Glossary

Terms of art used in this trainer, with enough precision to be useful and short enough to be memorable.

Agent. A system that pursues goals in an environment by taking actions. In LLM contexts: model + loop + tools + environment.

Agent graph. The directed graph of agents and subagents that collectively perform a task. Roots are user-facing; leaves are usually tools.

Agentic retrieval. Retrieval exposed as a tool the model decides when to call, as opposed to unconditional RAG.

Allowlist / denylist. Permission patterns that allow (or deny) specific tool calls or arguments.

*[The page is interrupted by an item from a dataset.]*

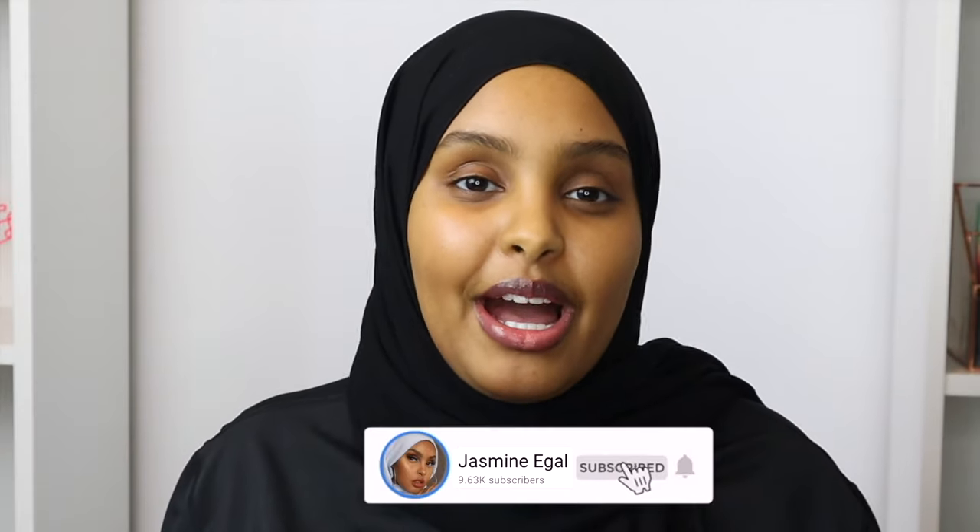Hey guys, welcome back to my channel. My name is Jasmine. If you are new here, welcome — I do a lot of beauty, skincare, and lifestyle content, so make sure you guys subscribe and join the family. Welcome to another episode of Let's Talk Skin. Today's video is actually a little bit different because we are not reviewing a brand — we are doing a DIY face mask.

Allowlists are safer where feasible; denylists catch the obvious bad cases but miss creative ones.

Blast radius. The worst-case impact of a tool call or action. Drives permission design.

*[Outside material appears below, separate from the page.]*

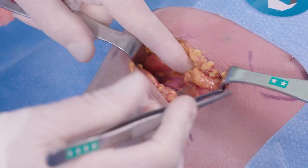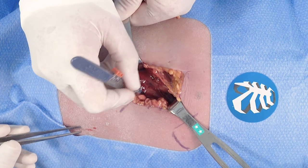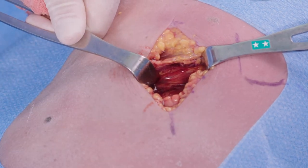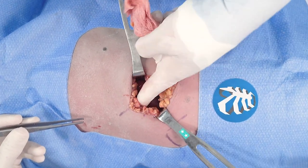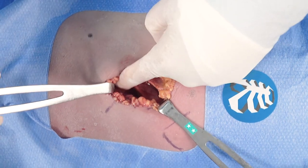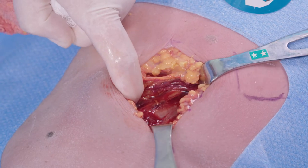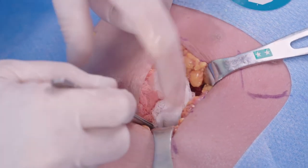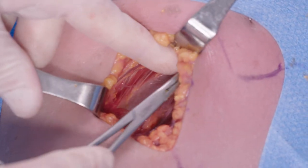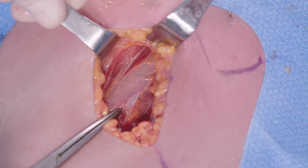Here I see the fibers of the latissimus dorsi muscle, so I'm going to take these fibers along their direction — splitting and sparing the muscles, not cutting them. Once there, there is a plane that you can develop by simply using blunt dissection that is avascular in this location. I am essentially right on the chest wall. Now that we've come through the muscle and we're in the submuscular plane, we're going to identify our ribs — you can see very clearly this is probably the sixth rib right here in the middle of the incision.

Cache breakpoint. A marker in the prompt telling the model provider “hash everything up to here.” Lets you skip re-pricing the static prefix of a long prompt.

Cancellation token. A first-class signal the loop checks to know it should stop. Distinguishes “user aborted” from “model finished” and from errors.

Compaction. Reducing the size of the conversation history to fit the prompt: summarization, selective retention, sliding window, hierarchical.

Context manager. The subsystem that decides what goes into and out of each prompt call.

Context window. The maximum token count a model can accept in one call.

Escrow (budget). Allocation pattern where a parent agent gives a child a budget, and reclaims the unused portion.

Eval (evaluation). A test case that measures agent behavior. Golden, rubric, judged, task-success, shadow, A/B.

Frontier model. The current most capable model generation from a given provider. Expect frontier to advance twice a year.

Golden eval. An eval that compares output (or trace) to a pre-recorded expected result.

Hallucination. Model output that is confident and wrong. In agents, often manifests as calling a tool that does not exist or claiming a file that is not there.

Harness. Everything around the model call that turns it into an agent: loop, tools, prompts, context manager, permissions, hooks, evals.

Harness architect. Someone responsible for the high-level shape of a harness or multiple harnesses in an organization. An emerging role as of 2026.

Harness engineering. The discipline this trainer is about.

Hook. A lifecycle callback that runs around harness events (pre/post tool, on start/stop, on error). Used for policy, logging, redaction, telemetry.

LLM-as-judge. Using an LLM to score the output of another LLM call. Scalable but noisy; requires calibration.

Loop. The control-flow part of the harness: call model, dispatch tools, decide when to stop.

MCP (Model Context Protocol). An open standard for tool servers. Lets harnesses discover and call tools over JSON-RPC.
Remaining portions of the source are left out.